Quando a noite acabou, o 29º Regimento de Infantaria japonês contou 553 mortos ou desaparecidos e 479 feridos entre 2.554 homens, como contou o historiador David Lippman. As perdas do 16º Regimento japonês não têm registro, mas os encarregados de sepultamento do 164º Regimento dos EUA enterraram 975 corpos de japoneses. A estimativa americana de 2.200 japoneses mortos provavelmente é bem conservadora.
Entre os 90 americanos mortos ou seriamente feridos naquela noite estavam todos os 33 fuzileiros do pelotão do sargento Mitchell Paige. À medida que os intermináveis ataques noturnos prosseguiam, Paige percorria para cima e para baixo sua linha, trazendo seus companheiros mortos e feridos de volta para suas minitrincheiras e nesse meio tempo dando algumas rajadas de cada uma das quatro Brownings, mostrando aos japoneses morro abaixo que as posições americanas estavam firmes.
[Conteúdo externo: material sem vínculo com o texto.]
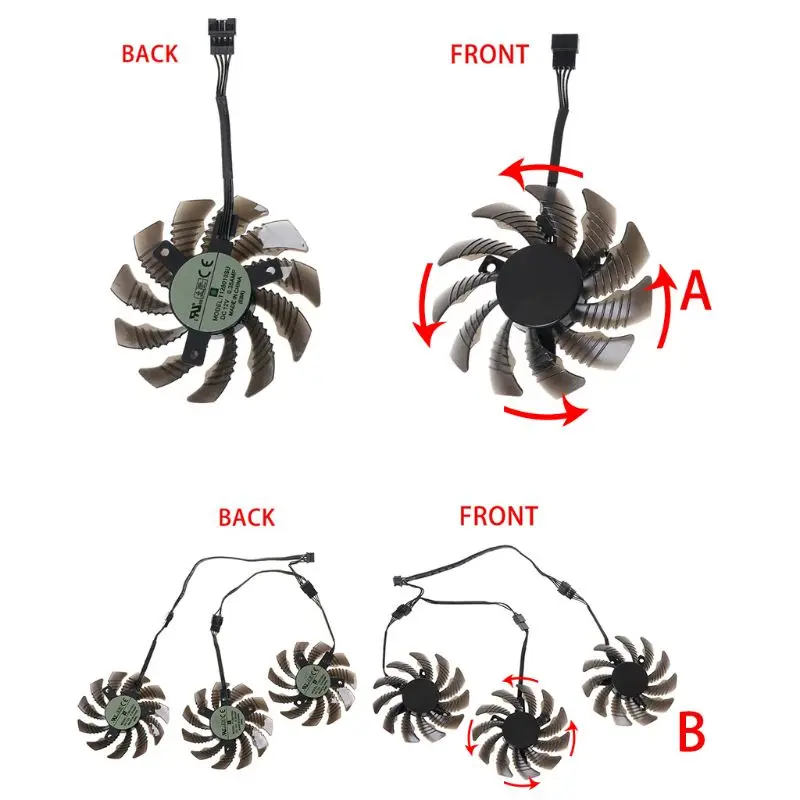 

Good performance 1/3PCS 75mm T128010SU 4Pin Cooler Fan for Gigabyte AORUS GTX 1060 1070 1080 Card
A mensagem na Citação da Medalha de Honra de Paige descreve o evento: “Quando o inimigo rompeu a linha diretamente em frente de sua posição, o sargento de pelotão Paige, operando o setor que tinha uma metralhadora, com uma determinação intrépida, continuou a dirigir o fogo aos seus inimigos até que todos estivem mortos ou feridos. Sozinho, contra as saraivadas de balas japonesas, ele lutou com sua arma, e quando ela era destruída, pegava outra, indo de metralhadora em metralhadora, sem cessar seu fogo devastador.”
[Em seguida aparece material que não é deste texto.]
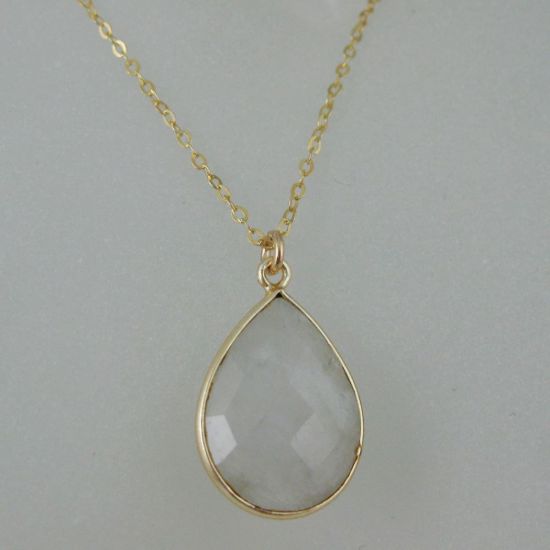 Wholesale Bezel Gemstone Tear Pendant Necklace - Gold Plated Chain - Moonstone (16 - 24 inch)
No fim, o sargento Paige pegou a última das Brownings de 22 kg alimentadas por pente (igual à que John M. Browning disparou continuamente por 25 minutos até acabar a munição, com o cano vermelho vivo, na sua demonstração para o exército americano) e fez algo para o quê a arma nunca havia sido projetada. O sargento Paige desceu o morro em direção ao ponto onde podia escutar os japoneses que sobreviveram se movimentando pelos flancos, a arma alimentada com o pente encaixada sob seu braço disparando enquanto ele caminhava. A metralhadora não falhou.
Ao alvorecer, o oficial executivo do batalhão, major Odell M. Conoley, foi o primeiro a achar a resposta para nossa pergunta: quantos preparados fuzileiros são necessários para manter posição num morro contra dois regimentos de experientes combatentes de infantaria japoneses que não sabiam o que era derrota?
Num morro onde os corpos estavam empilhados como lenha, Mitchell Paine sozinho ficou sentado atrás de sua Browning .30, esperando o que o amanhecer traria.
Um morro, um fuzileiro naval. Só.
Mas nas primeiras luzes da manhã o inimigo podia ser avistado poucas centenas de metros distante, e o vapor dos canos de suas metralhadoras era claramente visível, como conta o historiador Lippman. “Foi decidido que a posição seria atacada”.
Para a missão, o major Conoley juntou “três operadores de comunicação, vários atiradores, alguns elementos esparsos da companhia que estavam por ali, mais o cozinheiro e alguns soldados da cantina que haviam trazido alimentação para linha de defesa na noite anterior.”
Com a adesão de Paige, essa força ad hoc, específica, contra-atacou às 5h40 da manhã e constatou que a pequena distância permitia o uso otimizado de granadas. O inimigo foi aniquilado.
E foi nesse episódio que a antes inquebrável onda de conquistas japonesas finalmente foi quebrada e começou a retroceder. Numa trilha de floresta deserta numa ilha insignificante, da qual ninguém havia ouvido falar: Guadalcanal.
Mas quem hoje se lembra de quão crítica estava a situação naquela trilha mantida por um único fuzileiro naval, no outono de 1942?
Muito tempo depois, quando a gigantesca Hasbro Toy Co. , de Pawtucket, estado de Rhode Island, telefonou para Paige pedindo ao coronel reformado autorização para colocar seu rosto em algum boneco de criança, ele achou que era um trote.
Mas não era. Hoje é seu o rosto do fuzileiro naval de brinquedo chamado “G.I. Joe”.